The high incidence of HSI and recurrent HSI in American football continues to burden professional leagues in regards to athlete performance and financial loss. As such, there is a need to better understand the reasons for HSI injury and re-injury in these athletes so that appropriate risk reduction strategies can be created to ultimately reduce the incidence of HSI. The most appropriate strategies for reducing risk of HSI are likely multi-factorial and depend on risk factors unique to each athlete. To our knowledge, this study will be the largest-of-its-kind (1200 player-years) to gather detailed information on index and recurrent HSI, and will be the first study to simultaneously investigate the effect of morphological, biomechanical and clinical variables on risk of HSI in elite collegiate football athletes. The quantitative HAMIR index will be formulated to identify an athlete’s propensity for HSI, and more importantly, identify targets for injury mitigation, thereby reducing the global burden of HSI in elite American football players.

Because this is strictly an observational study, we cannot guarantee the same practices will occur across all sites (e.g., rehabilitation protocols, return to sport decisions), nor can we control against major program changes such as coaching and staff turnover across the duration of the study period or differences in practice and competition schedules between sites.
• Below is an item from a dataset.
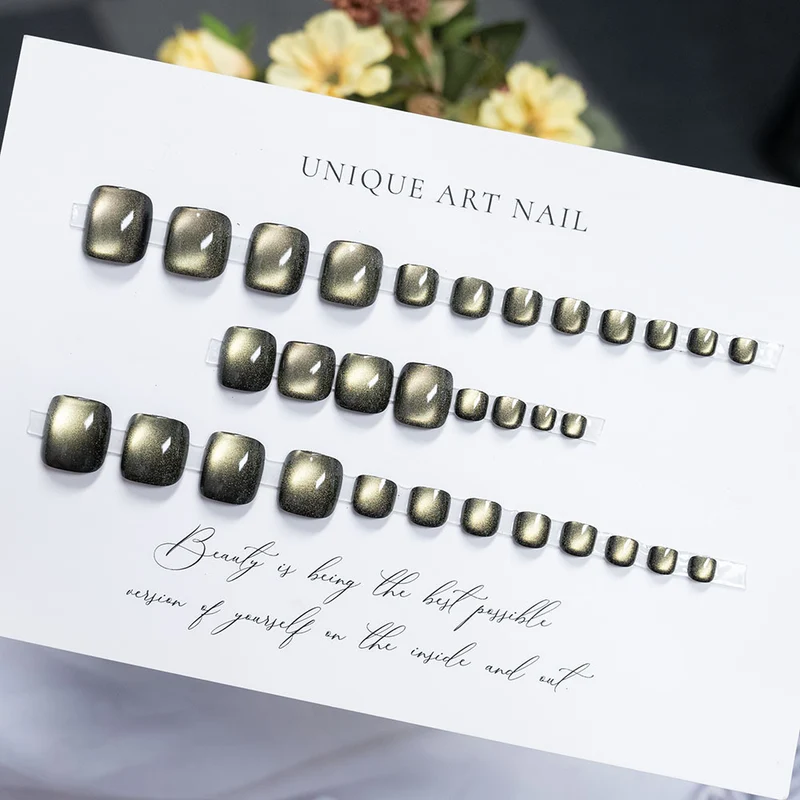 Elegante Metallische Nagelkunst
However, these issues represent realistic variability in clinical care and sports seasons; we intend to account for site-to-site variability and athlete exposure when developing the HAMIR index. Moreover, each site has agreed to adhere to the same protocol for detailed data collection on injury management, and all MRI and IMU data will be processed at a central location. As is common to prospective cohort studies, there is the potential that we are unable to capture all protocolized timepoints on all enrolled athletes; however, the manual of operations addresses specific policies for site coordinators to follow to minimize potential missing data. Additionally, the study analysis plan proposes to assess any missingness in data collection and will account for it, as appropriate, in the analytic phase. Our ability to create a meaningful recurrent HAMIR index is entirely dependent on the number of recurrent HSIs observed during the study period. Risk factors for re-injury are largely unknown and no objective data are available to guide practitioners on return-to-play decisions following HSI. We estimate only being able to include up to 4 predictive parameters in such an index for recurrent HSI and this may or may not be sufficient to accurately predict re-injury risk. However, this information is urgently needed by practitioners and we will minimally be able to provide a preliminary predictive model that can be further tested as more re-injury data is captured in this population.